Nicholas gemeu. – Vou trazer toda a nossa equipe para cá, mandar fazer café suficiente para duzentos e oitenta vezes dois; e você – apontou para Alice – vai pensando em critérios de seleção e eliminação.

– Critérios? – indagou Alice.

– Sim, critérios – disse Nicholas. – Como vamos selecionar uma dupla e rejeitar outra? Temos que ser justos e criteriosos.

– Com certeza! – concordou Alice, tirando a caneta da orelha e rascunhando na sua prancheta. – Acho que podemos partir das escolhas do próprio conselho, na última reunião.

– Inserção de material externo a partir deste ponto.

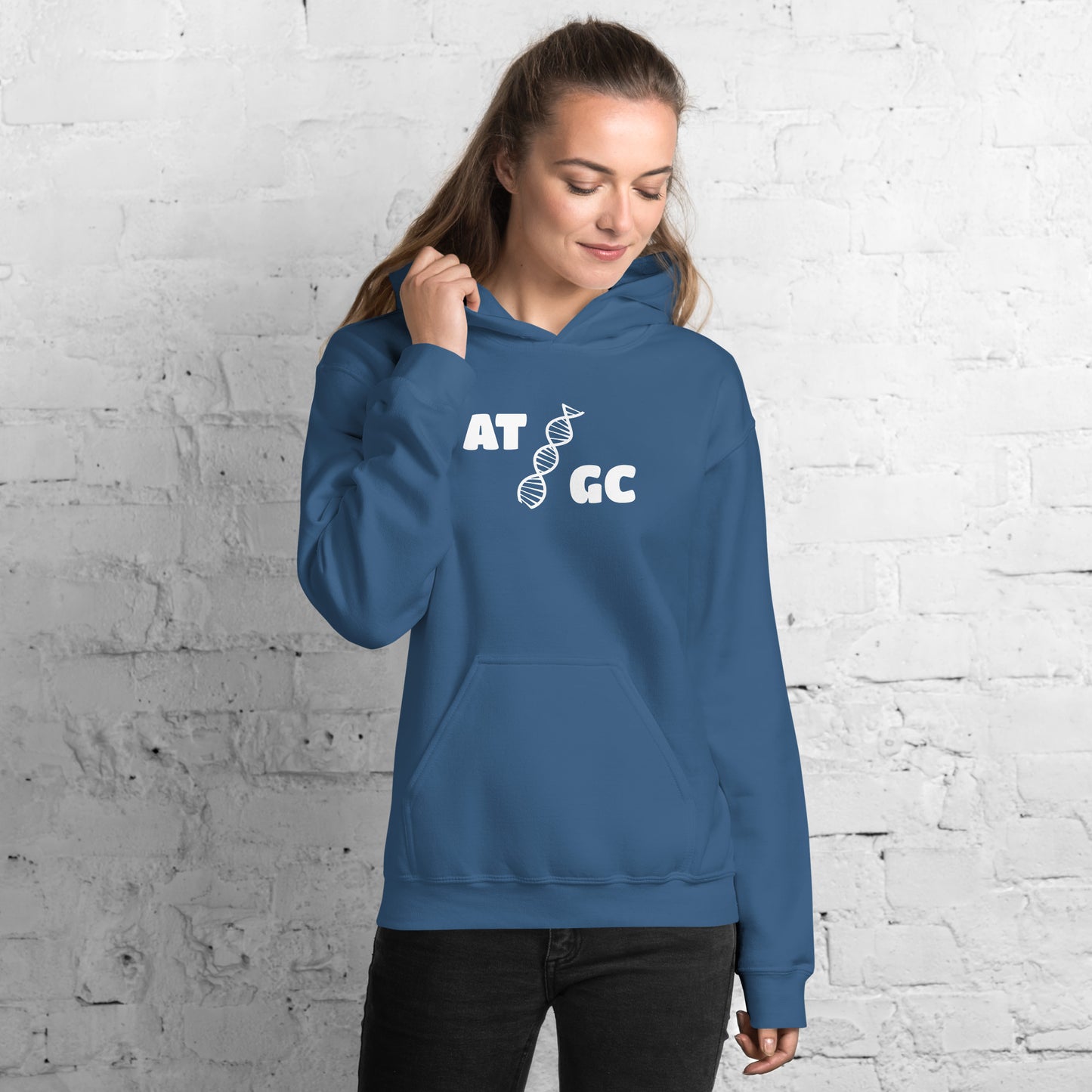 Women with indigo blue hoodie with image of a DNA string and the text "ATGC"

– Como assim? – quis saber Gil.

– Não se lembram? – Alice parou de escrever. – Alguém disse que não queria pessoas famosas.

– Foi Oscar – lembrou–se Nicholas.

– Alguém disse que os candidatos deveriam ter perfil de influencers na internet, com bastante seguidores para engajamento.

– Sim, esse... – Nicholas fez uma pausa – Fui eu quem disse.

– Começamos por aí, então – ela concluiu.

– Doenças, idade? – Gil lançou.

– Depende da doença e da idade, – disse Alice – porque podemos ser acusados de discriminação.

– Mas... E se alguém tiver um enfarte no meio das provas?

– Vamos pensar em algo muito grave, como critério de eliminação, mas também vamos pedir a todos que assinem um termo de responsabilidade – comentou Alice, descartando o problema. – Já rascunhei algo para que vocês deem uma olhada. Depois mandamos para o Jurídico bater o martelo.

– Concordo! – disse Nicholas, voltando a recuperar o entusiasmo.